David Allan Coe

Friday, December 20, at Peabody's

Gangs of New York
David Allan Coe
David Allan Coe
David Allan Coe has some puckering up to do. "There were 13 kids and a bunch of dogs/A house full of chickens and a yard full of hogs . . . coal burnin' stove, no natural gas/If that ain't country, I'll kiss your ass," Coe sings on his classic, autobiographical anthem "If That Ain't Country."

But the thing is, that really ain't country. At least not anymore. Nowadays, country is as slick and overproduced as most mainstream pop -- from which it's virtually indistinguishable. Thus, for some time now, country outlaws have been relegated to the sidelines of Nashville -- which has only made an old cuss like Coe all the more contentious.

With his three-part harmonies and cut-to-the-bone lyrics, Coe's words sting like the sweat in the eyes of the hard-laboring have-nots he routinely sings about. And though he's cracked the country top 10 but once (with his cover of Steve Goodman's "You Never Even Called Me by Name"), he has penned hits for other songwriters, including chart-toppers for Tammy Wynette and Johnny Paycheck.

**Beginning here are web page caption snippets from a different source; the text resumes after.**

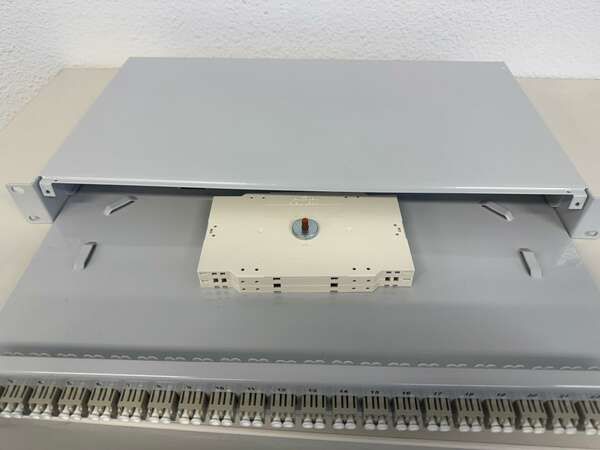 Naar omschrijving van B61903S24 - 24 voudige fiberbox grijs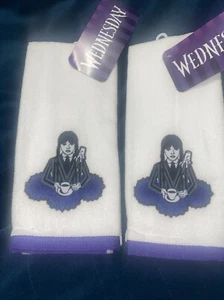 Juego de 2 toallas de mano “Wednesday Addams” MGM 15” X 25” NUEVAS CON ETIQUETAS - Imagen 1 de 10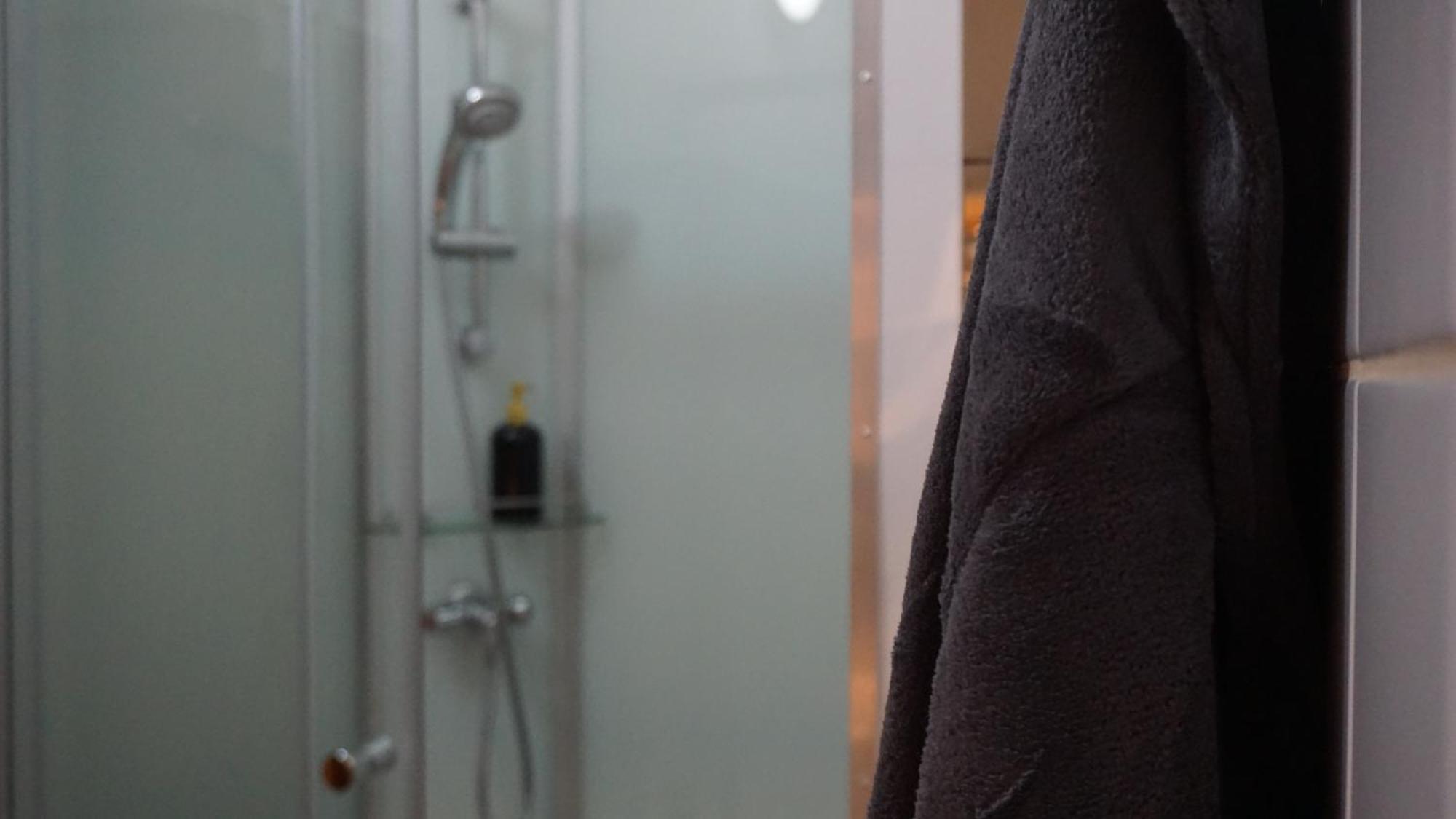 Darkwolf House Lägenhet Merseburg Exteriör bild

Moreover, in the late '90s, Coe saw his career get a boost from incessant name-dropping by hillbilly headbangers like Kid Rock and Pantera -- both of whom Coe eventually recorded with.

But after two decades of relative obscurity, the newfound attention hasn't suited Coe very well. The last time we saw the man perform, he came onstage in a full-length fur coat and actually attempted to rap, which was kind of like watching your grandpa break-dance. It was embarrassing and downright awful, and it certainly sullied Coe's status as the proudly anticommercial alternative to contemporary country. Watching a man compromise himself after so many years of refusing to sell out was painful. With his newly enhanced drawing power, then, we suggest Coe invest in some Chapstick.